Edit. This may not be “discontinuous enough” at points of $C$, as discussed in comments below. So define also $M_x=\{n:x_n\le x\}$, define $g(x)=\sum_{n\in M_x}2^{-n}$, and define $h(x)=f(x)+g(x)$. I hope $h$ works, if not then I do not understand the question and may need to read all over again.

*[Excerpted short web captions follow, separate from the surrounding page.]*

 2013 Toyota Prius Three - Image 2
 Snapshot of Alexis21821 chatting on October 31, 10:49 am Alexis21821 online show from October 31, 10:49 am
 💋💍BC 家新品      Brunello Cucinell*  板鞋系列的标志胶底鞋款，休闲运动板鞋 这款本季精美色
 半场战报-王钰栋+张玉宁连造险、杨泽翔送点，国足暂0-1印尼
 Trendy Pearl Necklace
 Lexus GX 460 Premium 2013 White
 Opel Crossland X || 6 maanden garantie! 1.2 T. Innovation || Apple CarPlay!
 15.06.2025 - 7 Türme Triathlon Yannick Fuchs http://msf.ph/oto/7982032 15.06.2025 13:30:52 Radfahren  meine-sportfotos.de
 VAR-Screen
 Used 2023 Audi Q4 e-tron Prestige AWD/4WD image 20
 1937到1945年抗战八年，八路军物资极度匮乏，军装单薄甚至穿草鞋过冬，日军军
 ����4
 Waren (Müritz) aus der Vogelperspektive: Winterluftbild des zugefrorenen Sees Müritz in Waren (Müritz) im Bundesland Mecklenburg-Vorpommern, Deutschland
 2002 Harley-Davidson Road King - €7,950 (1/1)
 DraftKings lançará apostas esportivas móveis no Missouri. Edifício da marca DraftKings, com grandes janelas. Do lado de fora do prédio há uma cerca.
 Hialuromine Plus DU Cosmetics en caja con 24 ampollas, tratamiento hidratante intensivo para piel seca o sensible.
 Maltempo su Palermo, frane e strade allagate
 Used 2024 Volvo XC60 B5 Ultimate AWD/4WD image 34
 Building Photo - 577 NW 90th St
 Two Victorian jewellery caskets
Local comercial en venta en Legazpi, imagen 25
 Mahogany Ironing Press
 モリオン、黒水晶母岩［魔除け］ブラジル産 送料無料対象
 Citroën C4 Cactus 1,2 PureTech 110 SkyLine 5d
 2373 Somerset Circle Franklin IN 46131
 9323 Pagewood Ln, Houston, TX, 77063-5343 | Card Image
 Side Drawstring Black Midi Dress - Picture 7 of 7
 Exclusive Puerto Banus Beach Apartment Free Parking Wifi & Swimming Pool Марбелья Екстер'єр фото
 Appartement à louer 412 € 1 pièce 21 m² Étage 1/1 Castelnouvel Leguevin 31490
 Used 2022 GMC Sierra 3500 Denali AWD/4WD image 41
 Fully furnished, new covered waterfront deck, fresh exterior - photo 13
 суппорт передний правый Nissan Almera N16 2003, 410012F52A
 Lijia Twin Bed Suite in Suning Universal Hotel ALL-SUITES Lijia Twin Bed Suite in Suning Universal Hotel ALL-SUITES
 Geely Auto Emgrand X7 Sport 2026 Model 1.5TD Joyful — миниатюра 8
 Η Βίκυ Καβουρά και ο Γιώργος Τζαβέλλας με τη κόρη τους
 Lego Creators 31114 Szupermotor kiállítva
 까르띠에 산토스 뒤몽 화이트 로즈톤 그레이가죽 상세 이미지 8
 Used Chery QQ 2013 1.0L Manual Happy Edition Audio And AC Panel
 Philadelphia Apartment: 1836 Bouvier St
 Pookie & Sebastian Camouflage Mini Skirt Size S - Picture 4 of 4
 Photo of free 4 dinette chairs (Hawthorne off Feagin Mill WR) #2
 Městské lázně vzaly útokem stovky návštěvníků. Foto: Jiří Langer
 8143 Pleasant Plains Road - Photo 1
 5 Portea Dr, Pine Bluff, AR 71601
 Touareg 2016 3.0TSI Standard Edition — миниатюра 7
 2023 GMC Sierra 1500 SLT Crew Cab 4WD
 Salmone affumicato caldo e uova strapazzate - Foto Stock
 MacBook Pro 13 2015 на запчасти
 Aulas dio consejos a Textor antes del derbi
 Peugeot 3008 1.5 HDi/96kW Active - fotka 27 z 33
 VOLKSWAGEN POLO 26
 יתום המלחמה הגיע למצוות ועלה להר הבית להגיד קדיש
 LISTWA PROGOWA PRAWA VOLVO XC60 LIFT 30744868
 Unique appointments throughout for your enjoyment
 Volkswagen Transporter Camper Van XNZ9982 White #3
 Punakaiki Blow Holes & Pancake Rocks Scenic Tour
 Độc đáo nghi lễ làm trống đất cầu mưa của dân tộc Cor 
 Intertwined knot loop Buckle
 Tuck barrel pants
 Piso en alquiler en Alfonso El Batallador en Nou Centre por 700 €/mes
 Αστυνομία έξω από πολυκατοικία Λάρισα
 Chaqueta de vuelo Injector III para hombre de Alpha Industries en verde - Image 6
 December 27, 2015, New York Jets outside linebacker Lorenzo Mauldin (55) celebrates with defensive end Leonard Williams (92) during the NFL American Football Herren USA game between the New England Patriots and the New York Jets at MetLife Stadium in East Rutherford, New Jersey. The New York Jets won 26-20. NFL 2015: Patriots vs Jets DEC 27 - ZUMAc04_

Edit. $h$ is continuous at points of $E\setminus C$ (verify:). But $h$ (and any function) would be continuous at those points of $C$ that are isolated in $E$, that is at any $c\in C$ which has a neighborhood which misses all other points in $E$. It is ok if $c$ is isolated in $C$,but not in $E$, in that case $h$ would be discontinuous at $c$. Indeed $c=x_m$ for some $m$ (according to the above definition of $f$). So, $2^{-m}$ is not one of the members of the sum that defines $f(c)=f(x_m)=\sum_{n\in N_{x_m}}2^{-n}$ (this is since $m\not\in N_{x_m}$, since in the definition of $N_x$ we have strict inequality, but it is not true that $x_m<x_m$). On the other hand, if $x>x_m$, then $2^{-m}$ is one of the members of the sum that defines $f(x)=\sum_{n\in N_{x}}2^{-n}$, this is because $m\in N_x$, since $x_m<x$. It follows that if $x>x_m$ then $f(x)\ge f(x_m)+2^{-m}$, so $\lim_{x\to x_m^+} f(x)\ge f(x_m)+2^{-m}$, here we are assuming the there are points in $E$ to the right of $x_m$, arbitrarily close to $x_m$ (that is, we are assuming that $x_m$ is not isolated from the right in $E$). So $f$ has a jump at $x_m$ (to the right of $x_m$) so $f$ is discontinuous (from the right) at $x_m$. Similarly, if $x_m$ is not isolated from the left in $E$ then one may show that $\lim_{x\to x_m^-}f(x)\le f(x_m)-2^{-m}$, so $g$ has a jump at $x_m$ (at the left of $x_m$). So, if $x_m$ is not isolated in $E$ then it is either not isolated from the left, or not isolated from the right, or both, so either $g$ of $f$ or both are discontinuous at $x_m$, so $h$ is discontinuous at $x_m$. You should be able to verify all these details yourself, once you know what you are trying to prove.